Our present study showed that lenvatinib plus anti-PD-1 antibodies allowed successful R0 resection in 28% (30/107) of patients with initially unresectable HCC, indicating this combination therapy is a feasible conversion strategy for converting HCC patients from unresectable to resectable.

Conversion resection aims to achieve downstaging of tumors and allow patients with advanced or initially unresectable cancers to obtain curative resectability. The role of conversion therapy in HCC patients has long been neglected due to lack of effective systemic therapies. Recently, systemic therapeutic agents especially the combination of TKIs with ICIs have shown promising anti-tumor efficacy, reviving the idea of conversion therapy in HCC. Several studies have explored the feasibility of different combination therapies as conversion therapy in HCC. A previous study from our liver cancer institute reported that 15.9% (10/63) of patients with initially unresectable HCC received conversion surgery after combination treatment with TKI and anti-PD-1 antibodies (17). The combination of TKIs, ICIs and local regional therapy has been reported to convert 9 (9/38, 23.7%) HCC patients with extrahepatic metastases from unresectable to resectable (27). A multi-center retrospective study showed that the ORR of triple combination therapy with lenvatinib, toripalimab plus hepatic arterial infusion chemotherapy (HAIC) was as high as 67.6%, and its conversion resection rate was higher than that of lenvatinib alone (12.7% vs 0) (28).

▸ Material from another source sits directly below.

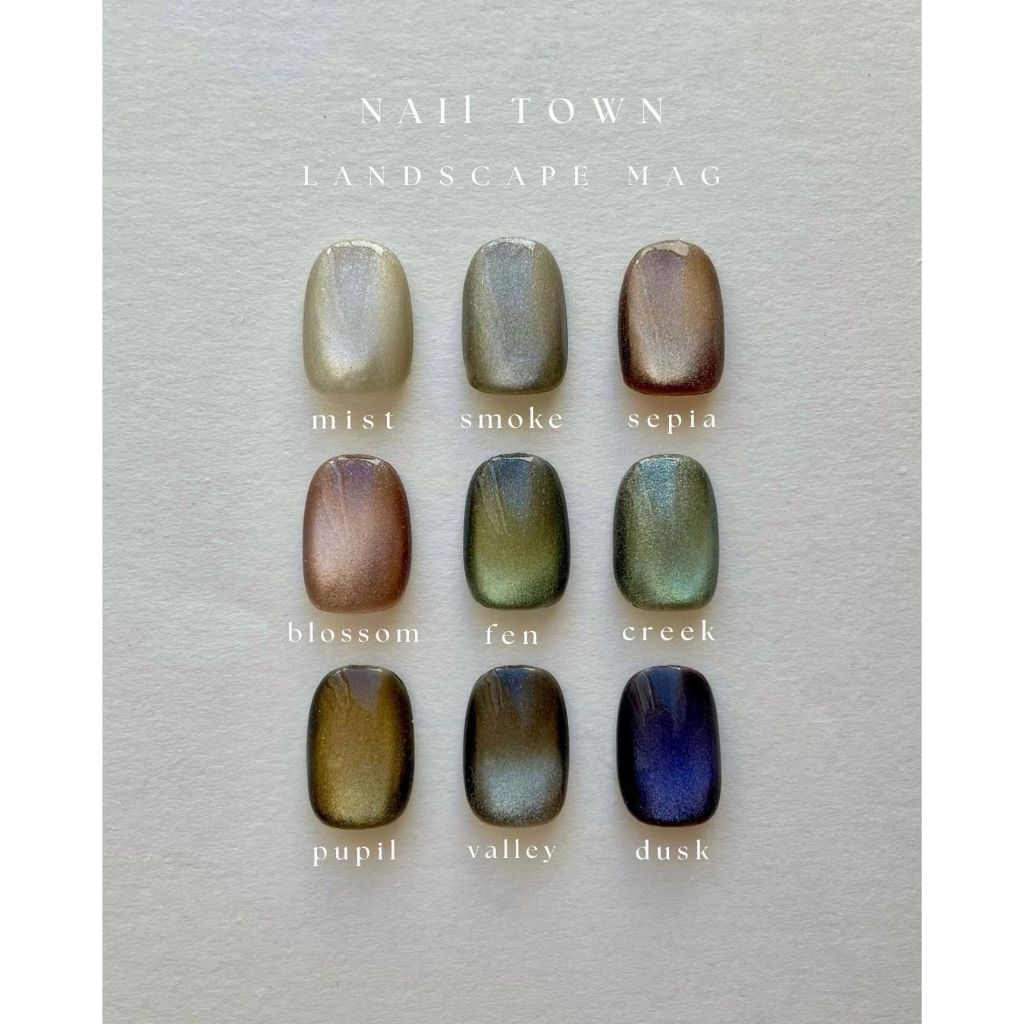 Nail Town Gel合作系列ATELIER NUI.原創Mag Color 貓眼膠 01〜09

In our study, lenvatinib plus PD-1 inhibitors led to an ORR of 50% (15/30) in HCC patients who underwent conversion surgery and the conversion resection rate was 28% (30/107). Notably, the treatment efficacy of the combination therapy could still be underestimated because surgical resection was considered for patients who achieved tumor regression whenever feasible. For example, patients with regressed SD could regress to PR if they continued the systemic therapy rather than surgery. No major postoperative adverse events occurred in these cases. Therefore, lenvatinib plus PD-1 inhibitors can result in downstaging and increase the likelihood of surgical resection in advanced HCC patients, with high potential to prolong their survival.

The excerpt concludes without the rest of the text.